La deputata del Partito Democratico Margherita Mastromauro ha depositato un’interrogazione a risposta scritta al Ministro delle comunicazioni e al Ministro dello sviluppo economico, evidenziando come tale decisione contrasti “con l’art. 5 del Decreto Legislativo n. 44 del marzo 2010, che prevede che il piano di numerazione automatica debba rispettare come criterio prioritario le abitudini e preferenze degli utenti con riferimento alle emittenti locali”. “Le indagini commissionate dall’Agcom sulle abitudini degli italiani non restituiscono una fotografia della realtà del nostro Paese”, aggiunge l’on. Mastromauro, “in quanto sono state effettuate in regioni dove è già scattato il passaggio definitivo al digitale terrestre, ovvero dove le tv locali sono già state penalizzate e private del posizionamento ottenuto in trent’anni di attività.

Indagini diverse come quelle fornite dall’Auditel portano, invece, risultati differenti per le tv locali: in oltre l’80% dei casi, queste occupano le posizioni 8 e 9 sul telecomando e in alcune regioni anche la numero 7, poiché la percentuale nazionale delle tv locali è del 51%”. “Se questa decisione fosse confermata”, conclude l’on. Mastromauro, “si lederebbero il principio di libera concorrenza, il principio del pluralismo informativo e il diritto dei cittadini ad essere informati, producendo danni gravissimi alle tv locali, ma anche alle piccole medie imprese, che riescono a promuoversi solo grazie all’emittenza locale.

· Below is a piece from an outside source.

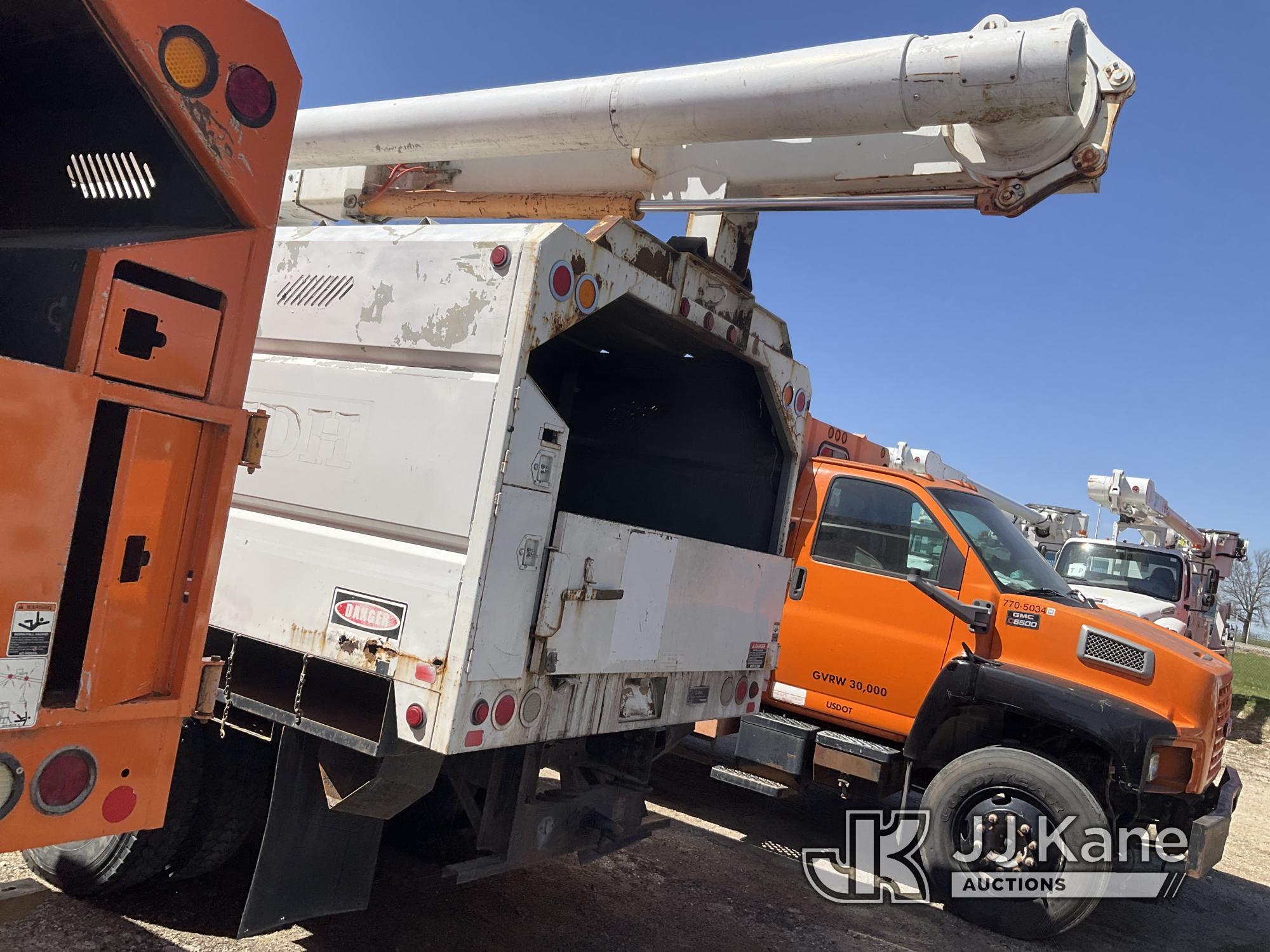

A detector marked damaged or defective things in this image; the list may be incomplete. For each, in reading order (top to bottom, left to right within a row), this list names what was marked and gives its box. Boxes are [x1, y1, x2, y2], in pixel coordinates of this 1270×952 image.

Un danno, dunque, all’economia del Paese”. Il deputato del Pd ha chiesto al Ministro delle comunicazioni di dare spiegazioni e far luce sulla decisione dell’Agcom, mentre al Ministro dello sviluppo economico ha chiesto se intende assumere iniziative volte a garantire il lavoro delle tv locali, nel rispetto della libera concorrenza di mercato, con l’obiettivo di promuovere le tv locali in quanto Pmi da tutelare per l’economia del settore e del Paese da un lato e organi informativi eccellenti ai fini della libera informazione dall’altro.